CourtNew York Supreme Court — Appellate Division

The first-named plaintiff seeks to recover for "serious injury" within the meaning of the No-Fault Law (Insurance Law § 5102 [d]) that she allegedly suffered in an automobile accident on February 9, 2002. In support of their motion for summary judgment, defendants submitted reports of an orthopedist and a neurologist, each of whom opined, based on his examination of plaintiff, that she had not suffered a serious injury within the meaning of the statute. Defendants also submitted the transcript of plaintiff's deposition, at which she acknowledged that, besides the February 2002 accident, she had been injured in two other automobile accidents, in October 1999 and January 2003. Plaintiff opposed defendants' motion with the affirmed report of neurologist Dr. Aric Hausknecht, dated April 19, 2005. Based on his examination of plaintiff, Dr. Hausknecht reported certain alleged range-of-motion deficits due to neck and back injuries he attributed to the February 2002 accident. Although Dr.
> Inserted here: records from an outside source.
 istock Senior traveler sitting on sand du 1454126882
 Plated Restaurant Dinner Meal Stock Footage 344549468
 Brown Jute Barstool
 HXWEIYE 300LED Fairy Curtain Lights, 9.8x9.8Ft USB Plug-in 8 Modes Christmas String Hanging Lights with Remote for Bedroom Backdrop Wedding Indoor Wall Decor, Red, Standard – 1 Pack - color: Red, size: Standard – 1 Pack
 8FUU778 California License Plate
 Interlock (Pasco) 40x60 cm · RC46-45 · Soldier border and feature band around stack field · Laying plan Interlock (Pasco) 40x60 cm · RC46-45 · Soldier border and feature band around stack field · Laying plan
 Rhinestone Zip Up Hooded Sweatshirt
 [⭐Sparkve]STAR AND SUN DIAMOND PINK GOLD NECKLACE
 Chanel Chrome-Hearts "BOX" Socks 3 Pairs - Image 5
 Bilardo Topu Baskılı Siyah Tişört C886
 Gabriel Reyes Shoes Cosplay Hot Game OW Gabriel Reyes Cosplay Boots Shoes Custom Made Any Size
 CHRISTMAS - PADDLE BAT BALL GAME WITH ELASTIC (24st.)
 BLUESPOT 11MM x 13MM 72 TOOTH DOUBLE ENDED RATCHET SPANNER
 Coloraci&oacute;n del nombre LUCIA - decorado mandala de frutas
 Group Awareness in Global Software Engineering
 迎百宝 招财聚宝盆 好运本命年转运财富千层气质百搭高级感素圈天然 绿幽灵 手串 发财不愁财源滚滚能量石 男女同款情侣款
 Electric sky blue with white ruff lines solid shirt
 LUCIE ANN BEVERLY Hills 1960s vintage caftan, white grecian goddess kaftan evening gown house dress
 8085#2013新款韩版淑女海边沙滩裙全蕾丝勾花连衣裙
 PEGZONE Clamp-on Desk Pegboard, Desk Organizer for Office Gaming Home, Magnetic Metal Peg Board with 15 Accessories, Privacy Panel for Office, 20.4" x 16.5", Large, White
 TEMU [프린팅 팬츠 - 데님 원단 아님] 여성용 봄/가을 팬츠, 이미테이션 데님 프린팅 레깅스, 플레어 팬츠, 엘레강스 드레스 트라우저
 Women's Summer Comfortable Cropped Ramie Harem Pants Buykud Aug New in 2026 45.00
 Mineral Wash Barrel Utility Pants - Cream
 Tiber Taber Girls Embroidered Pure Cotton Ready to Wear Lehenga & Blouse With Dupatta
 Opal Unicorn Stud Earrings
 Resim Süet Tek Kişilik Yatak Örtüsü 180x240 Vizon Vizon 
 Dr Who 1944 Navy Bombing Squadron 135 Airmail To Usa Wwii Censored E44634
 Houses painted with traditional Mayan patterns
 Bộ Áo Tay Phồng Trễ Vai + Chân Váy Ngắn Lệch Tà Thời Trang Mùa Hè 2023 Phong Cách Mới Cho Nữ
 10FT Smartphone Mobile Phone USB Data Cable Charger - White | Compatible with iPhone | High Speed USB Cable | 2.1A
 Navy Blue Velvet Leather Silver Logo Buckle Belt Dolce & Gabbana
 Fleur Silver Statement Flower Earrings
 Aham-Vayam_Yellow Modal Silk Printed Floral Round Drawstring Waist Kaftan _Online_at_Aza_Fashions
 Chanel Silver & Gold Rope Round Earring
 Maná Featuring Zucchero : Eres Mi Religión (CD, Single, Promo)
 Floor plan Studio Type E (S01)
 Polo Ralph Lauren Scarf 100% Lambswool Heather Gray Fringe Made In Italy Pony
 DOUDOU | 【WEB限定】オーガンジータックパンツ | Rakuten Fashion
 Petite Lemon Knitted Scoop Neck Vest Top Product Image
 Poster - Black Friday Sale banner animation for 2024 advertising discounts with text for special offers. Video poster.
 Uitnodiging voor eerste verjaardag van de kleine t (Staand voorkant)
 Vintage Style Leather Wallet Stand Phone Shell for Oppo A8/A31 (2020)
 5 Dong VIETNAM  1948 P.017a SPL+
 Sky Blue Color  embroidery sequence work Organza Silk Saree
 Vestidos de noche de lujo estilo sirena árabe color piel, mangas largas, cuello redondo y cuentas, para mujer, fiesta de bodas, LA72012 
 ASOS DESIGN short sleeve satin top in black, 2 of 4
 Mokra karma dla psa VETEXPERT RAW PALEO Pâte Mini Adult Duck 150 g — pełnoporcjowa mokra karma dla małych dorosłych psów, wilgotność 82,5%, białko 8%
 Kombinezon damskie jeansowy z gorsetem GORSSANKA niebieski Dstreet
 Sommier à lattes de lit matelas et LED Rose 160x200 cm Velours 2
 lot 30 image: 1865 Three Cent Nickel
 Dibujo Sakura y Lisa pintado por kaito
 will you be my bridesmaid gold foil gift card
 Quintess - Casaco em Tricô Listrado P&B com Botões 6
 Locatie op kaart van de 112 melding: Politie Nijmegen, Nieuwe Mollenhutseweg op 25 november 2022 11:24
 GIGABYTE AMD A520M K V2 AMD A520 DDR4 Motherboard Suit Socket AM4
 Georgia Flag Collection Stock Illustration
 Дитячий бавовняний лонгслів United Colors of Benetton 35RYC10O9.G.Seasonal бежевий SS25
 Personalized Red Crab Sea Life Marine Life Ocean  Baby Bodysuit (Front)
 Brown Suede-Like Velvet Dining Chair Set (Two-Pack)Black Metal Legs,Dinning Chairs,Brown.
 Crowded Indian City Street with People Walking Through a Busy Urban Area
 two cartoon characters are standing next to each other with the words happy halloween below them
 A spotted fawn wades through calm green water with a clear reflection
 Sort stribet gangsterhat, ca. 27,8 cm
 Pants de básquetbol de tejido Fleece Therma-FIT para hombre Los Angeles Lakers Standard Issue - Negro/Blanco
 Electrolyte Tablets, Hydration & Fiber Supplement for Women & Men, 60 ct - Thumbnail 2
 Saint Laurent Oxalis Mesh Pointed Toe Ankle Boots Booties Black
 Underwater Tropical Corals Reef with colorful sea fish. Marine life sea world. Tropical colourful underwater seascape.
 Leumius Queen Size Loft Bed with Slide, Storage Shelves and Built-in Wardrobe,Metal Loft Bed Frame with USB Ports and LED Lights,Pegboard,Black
Hausknecht acknowledged that plaintiff had been injured in the October 1999 and January 2003 accidents, he did not explain the basis for his claim that the deficits he allegedly found in April 2005—more than three years after the subject accident in February 2002—were proximately caused by that accident, rather than by the October 1999 accident, and were only exacerbated (not caused in the first instance) by the January 2003 accident. Accordingly, plaintiff failed to come forward with evidence sufficient to prove "a serious injury causally related to the [subject] accident" (Pommells v Perez, 4 NY3d 566, 579 [2005] [emphasis added]).

To the extent Dr. Hausknecht's conclusions were based on the unaffirmed reports of plaintiff's treating physicians, such reports do not constitute admissible evidence, and therefore do not suffice to defeat a well-supported summary judgment motion. The defense experts' review of such...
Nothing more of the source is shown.